▸ WORK INSTRUCTIONS
Nothing but the lines from the one containing "一名游客在苏格兰高地欣赏瀑布的鸟瞰图。视频下载" through the end of the data should be retyped, exactly as they stand, and pictures should not be retyped.

▸ Image-caption web data
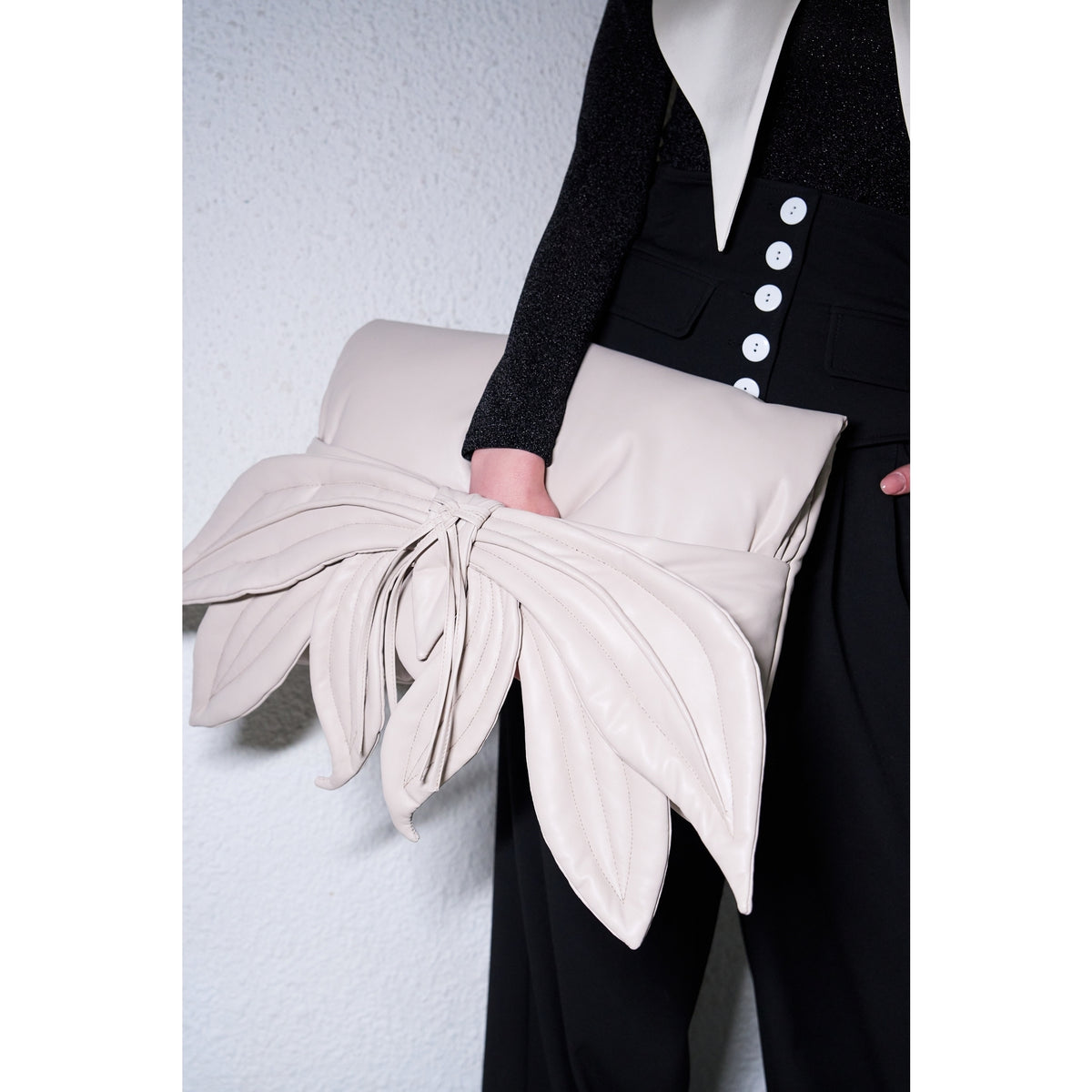Wearing black pants with white buttons and a black top, a person holds the JULIA ALLERT Petal Faux Leather Evening Clutch Bag in Ecru, featuring layered, petal-like details. A plain textured white wall serves as the background.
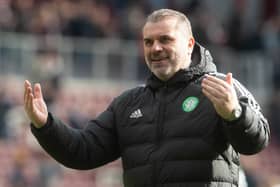 Ange Postecoglou celebrates with the Celtic fans after the victory over Hearts.
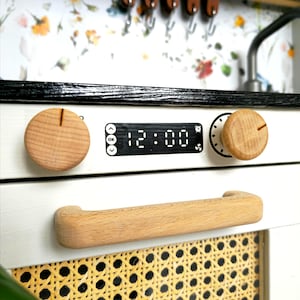 May include: White toy oven with a black top and a wooden handle. The oven has a digital display showing 12:00 and two wooden knobs.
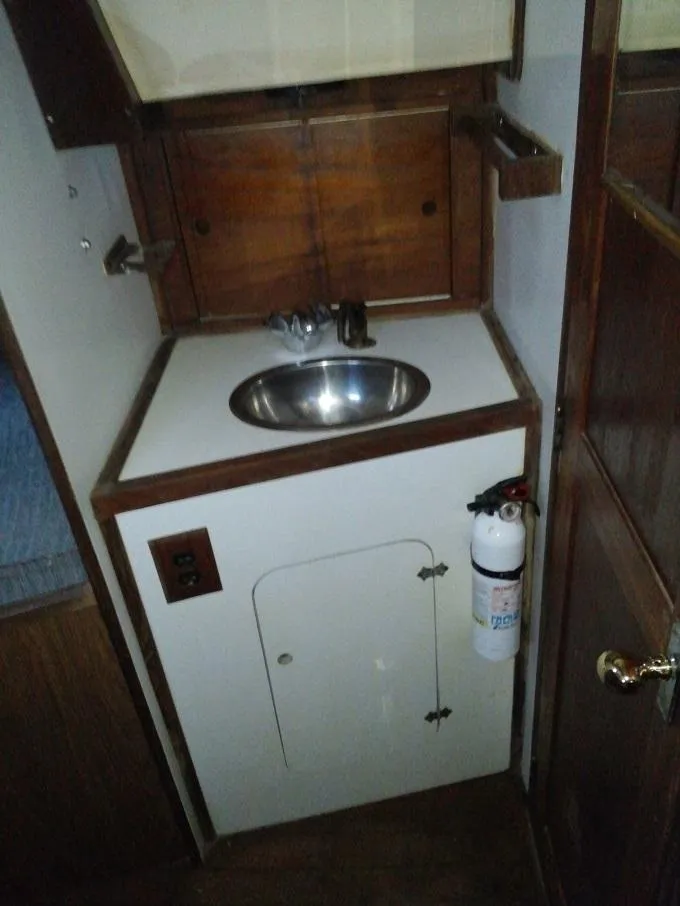 Slide: The Image of Compact sink in a 1973 Allied Mistress yacht. - 11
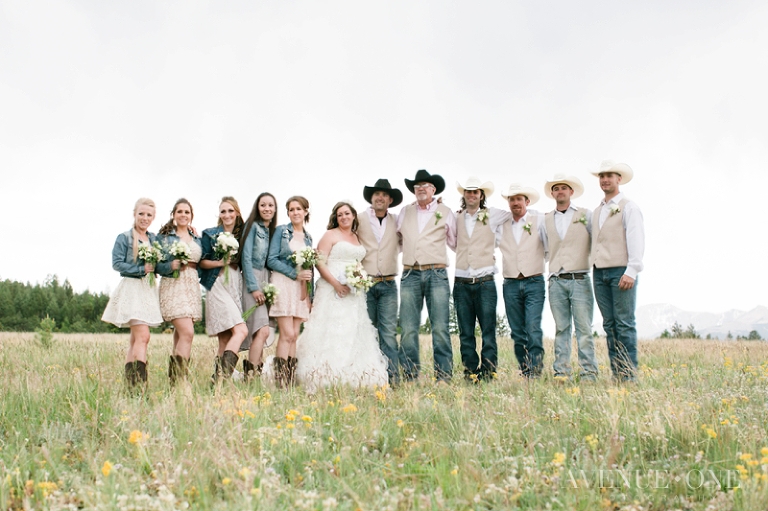 cowboy bridal party in field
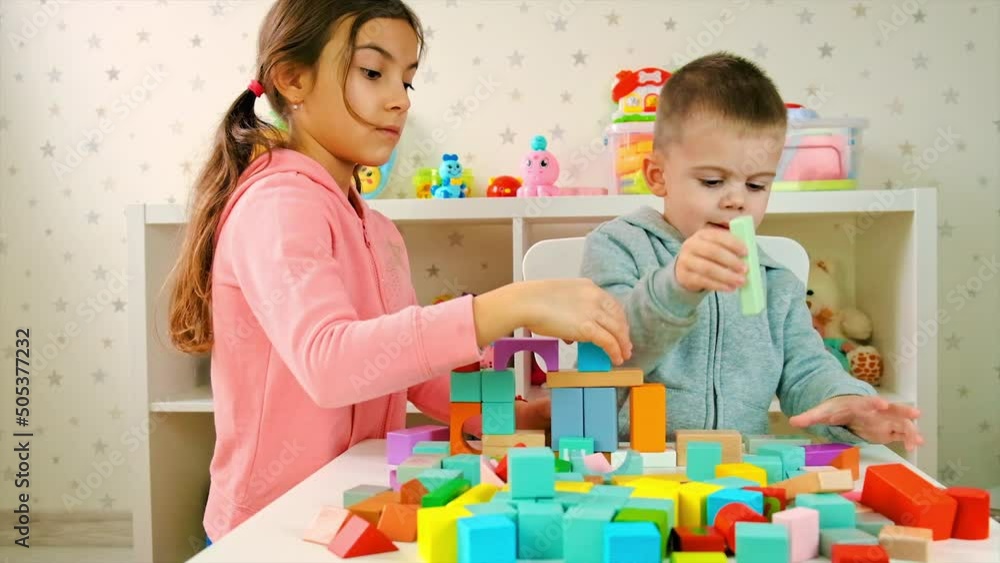 The child plays with toys in the room. Selective focus. The child plays with toys in the room. Selective focus.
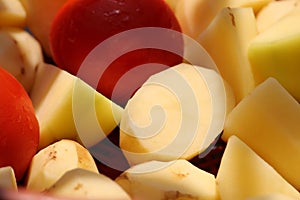 Chopped fresh potato pieces with red tomato together display ready to cook.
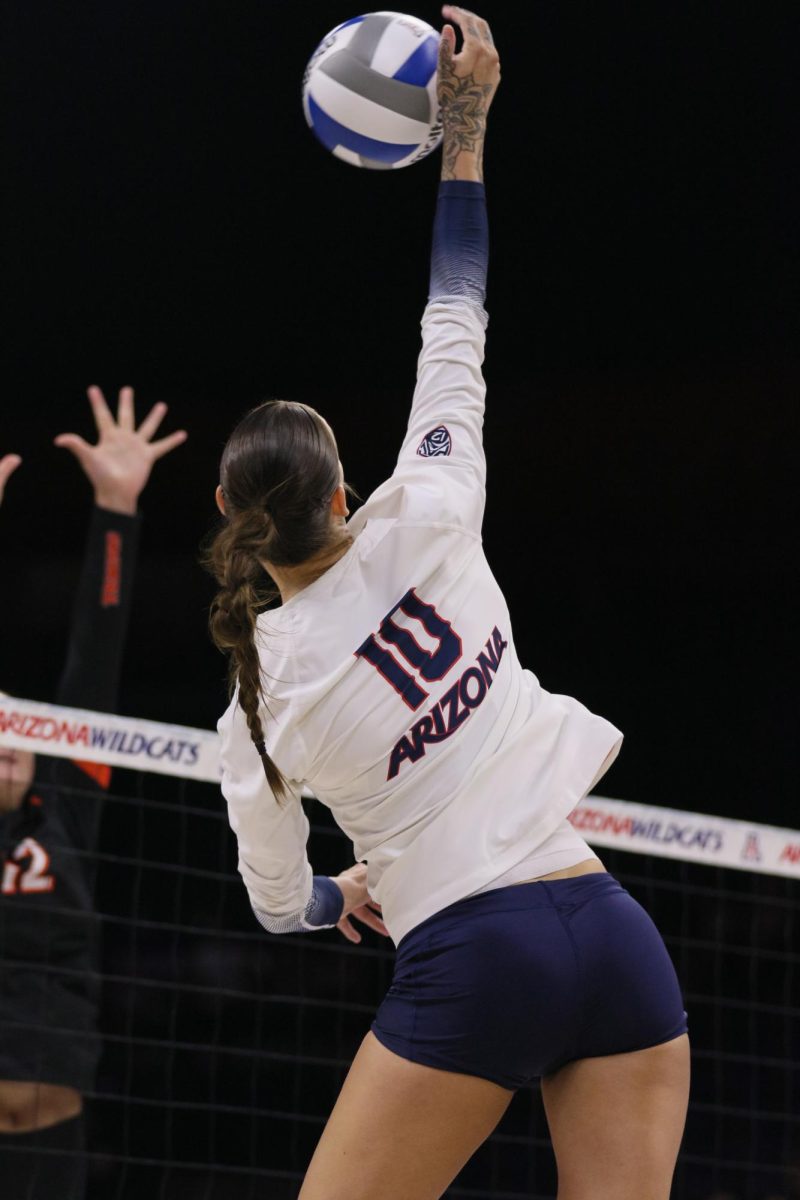 Puk Stubbe spikes the ball to Pacific in their home matchup at McKale Center on Aug. 26, 2023.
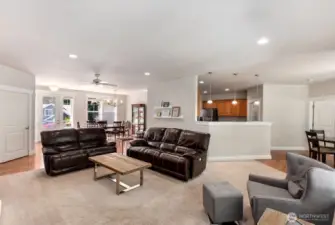 The dining room opens into this spacious living room, which is also open to the kitchen and informal dining for great flow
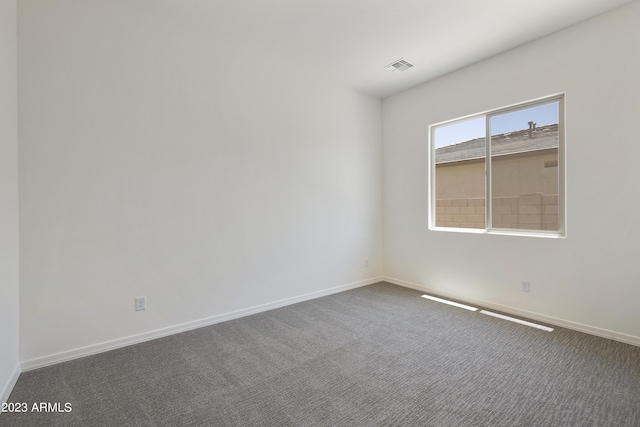 spare room with carpet flooring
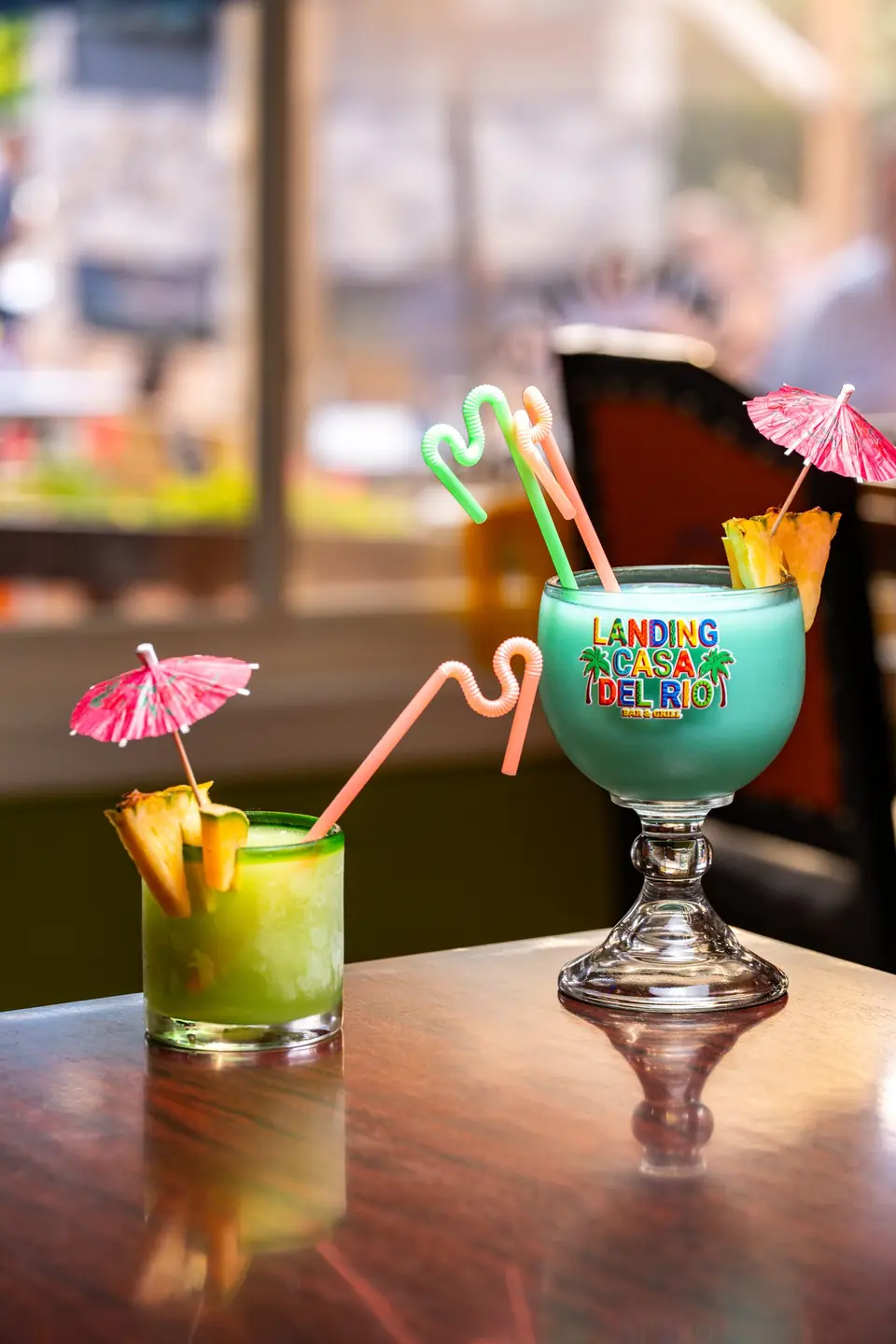 Branded fishbowl and a pineapple drink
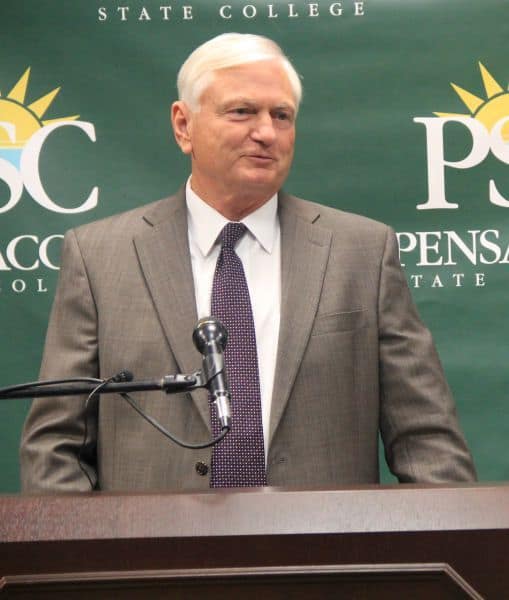 Senior male speaker at Pensacola State College announces inclusive technology initiatives.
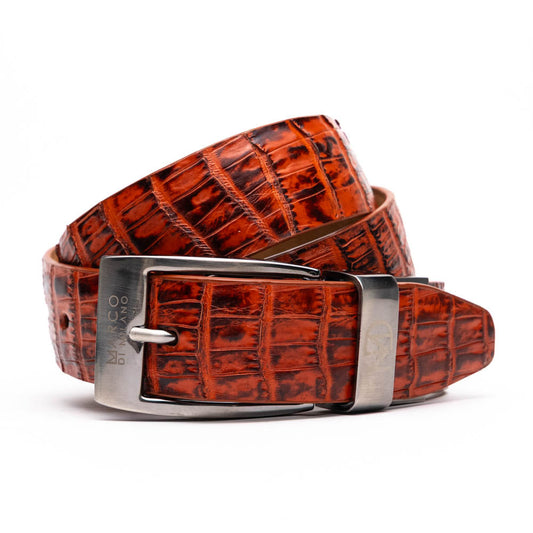 The Riccardo Belt Rustic Cognac by Marco Di Milano features a crocodile-patterned brown caiman fuscus-belly, a silver buckle, and genuine exotic leather—an ideal complement to luxury footwear.
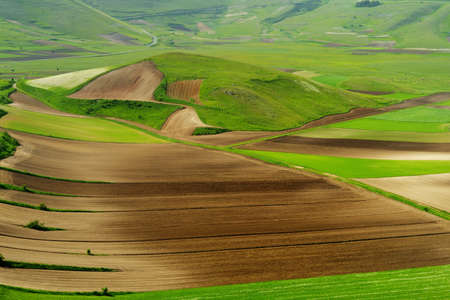 Piano Grande, large karstic plateau of Monti Sibillini mountains and one of the greatest tourist attractions in the area. Beautiful green fields of the Monti Sibillini National Park, Umbria, Italy.の写真素材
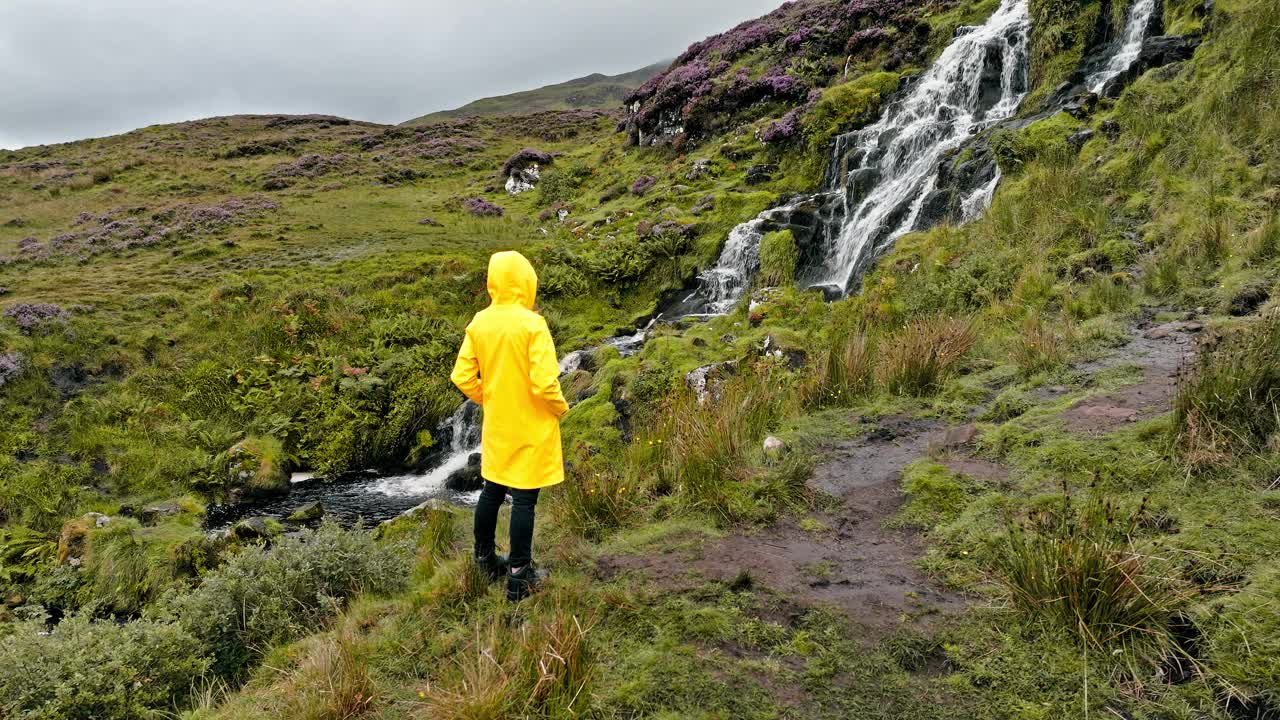 一名游客在苏格兰高地欣赏瀑布的鸟瞰图。视频下载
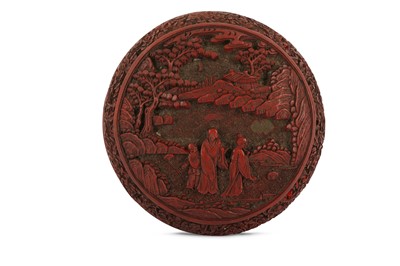 Lot 702 - A CHINESE CINNABAR LACQUER CIRCULAR BOX AND COVER.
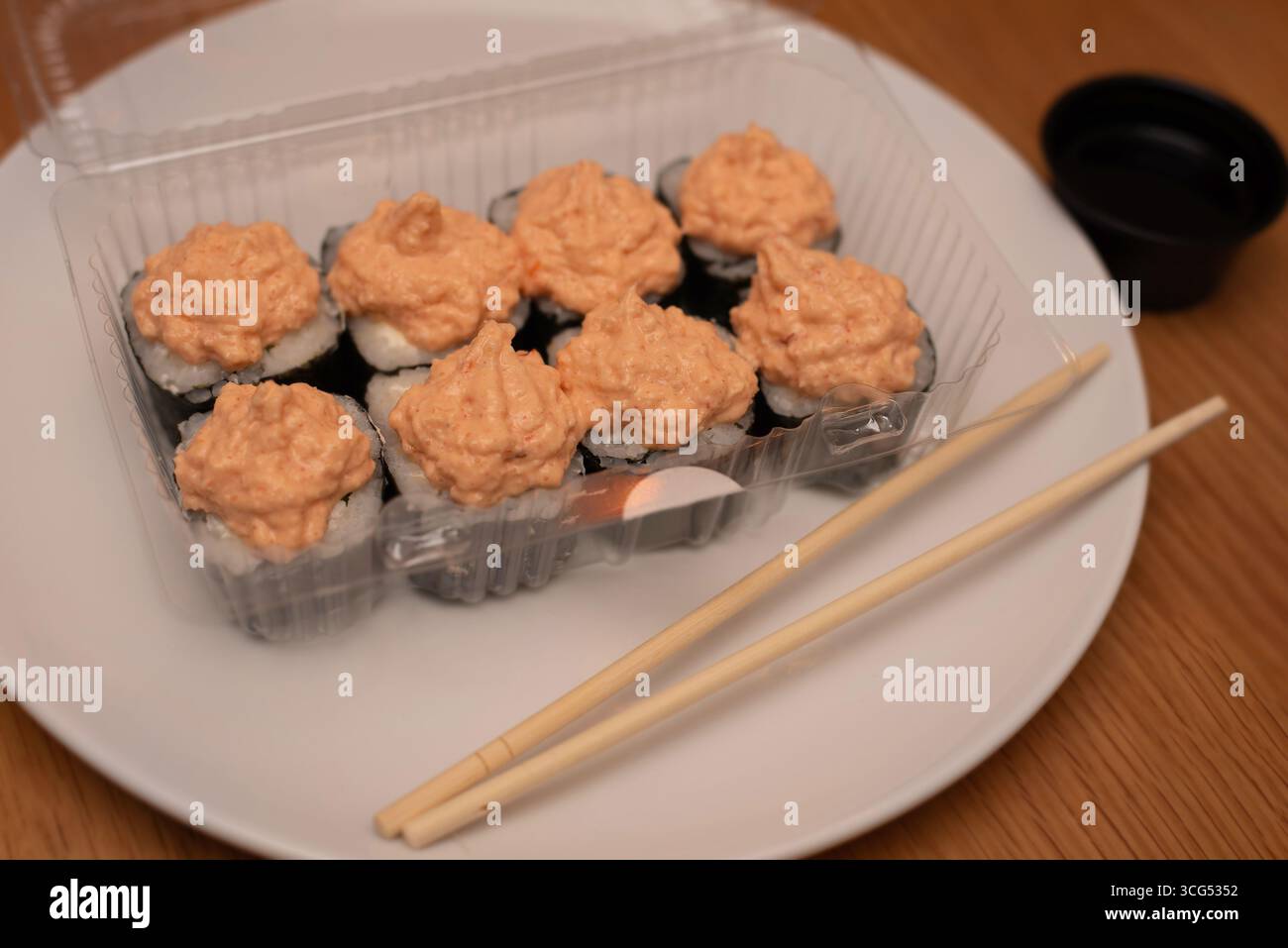 Köstliche Sushi-Brötchen mit einer cremigen, scharfen Sauce in einer durchsichtigen Verpackung, serviert mit Essstäbchen auf einem weißen Teller auf einem Holzteller Stockfoto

▸ ANSWER FOR THE TASK
 一名游客在苏格兰高地欣赏瀑布的鸟瞰图。视频下载
 Lot 702 - A CHINESE CINNABAR LACQUER CIRCULAR BOX AND COVER.
 Köstliche Sushi-Brötchen mit einer cremigen, scharfen Sauce in einer durchsichtigen Verpackung, serviert mit Essstäbchen auf einem weißen Teller auf einem Holzteller Stockfoto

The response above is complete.